O ex-juiz não poderá bater somente em uma tecla para que tenha reais chances de sucesso nessa importante empreitada.
O primeiro presidente eleito de forma direta no período, Fernando Collor, esculpiu a imagem de “caçador de marajás” durante seu mandato como governador de Alagoas. Fernando Henrique, o ministro da Fazenda que acabou com o período de inflação alta, também era visto como um candidato da renovação e fora da política tradicional. Lula certamente não era o político tradicional e trazia ares de renovação, além de ser fortemente associado aos direitos trabalhistas e às classes menos favorecidas.
A forte redução da pobreza, aumento da renda e melhora na distribuição de renda em seus dois governos foram suficientes para eleger Dilma Rousseff, vista como um governo de continuidade do seu antecessor. Finalmente, apesar de quase três décadas como deputado federal, Jair Bolsonaro conseguiu construir a imagem de um político que não estava associado à política tradicional e que representava os valores tradicionais da família brasileira e o combate à corrupção.
De todos os candidatos da chamada “terceira via” para as eleições de 2022, Sergio Moro é aquele que mais se aproxima das características de um candidato de fora da política tradicional e com um feito relevante que ganhou notoriedade em nível nacional. Certamente, o ex-ministro da Justiça não é um político, muito menos tradicional. Seus feitos como juiz da Lava Jato lhe deram projeção nacional como uma das principais figuras do país na luta contra a corrupção, sobretudo de figuras políticas e empresários com enorme poder político e econômico.
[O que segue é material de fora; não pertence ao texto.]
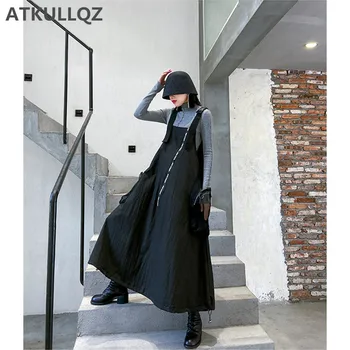 

Strap dress 2020 new women's spring large size fat mm dress female long outer wear hanging loose loose dress fashion streetwear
Nunca na história de nosso país se viu uma operação como a Lava Jato, que colocasse atrás das grades políticos de peso e empresários poderosos que tinham relações promíscuas com o setor público, ameaçando várias outras figuras poderosas e corruptas que acumulam fortuna e prestígio à custa do povo brasileiro.
Certamente o ex-juiz não poderá bater somente em uma tecla para que tenha reais chances de sucesso nessa importante empreitada. Mostrar que está cercado por técnicos competentes em áreas como economia, saúde, educação e redução da pobreza, trazendo propostas nessas áreas que sejam coerentes, será fundamental para trazer confiança em sua candidatura. Também será fundamental mostrar que tem “jogo de cintura” para trazer apoio de políticos de diferentes partidos, elemento essencial para a governabilidade de qualquer presidente da República, mas sem entrar no jogo tradicional da política brasileira. No entanto, não deve deixar de enfatizar seus pontos fortes, que serão essenciais para trazer e consolidar o apoio popular.
O presidente Bolsonaro comemorou como sendo um “gol de placa” a ida de Moro para o Ministério da Justiça. No entanto, hoje parece que foi mais um “tiro no próprio pé”, pois é o pré-candidato com chances reais de tirá-lo do segundo turno. Tarefa que não parece ser tão difícil diante de tantos erros do atual governo nas mais diversas áreas.
Luciano Nakabashi, doutor em Economia, é professor associado da Fearp/USP e coordenador do Programa de Pós-Graduação em Economia da Fearp/USP.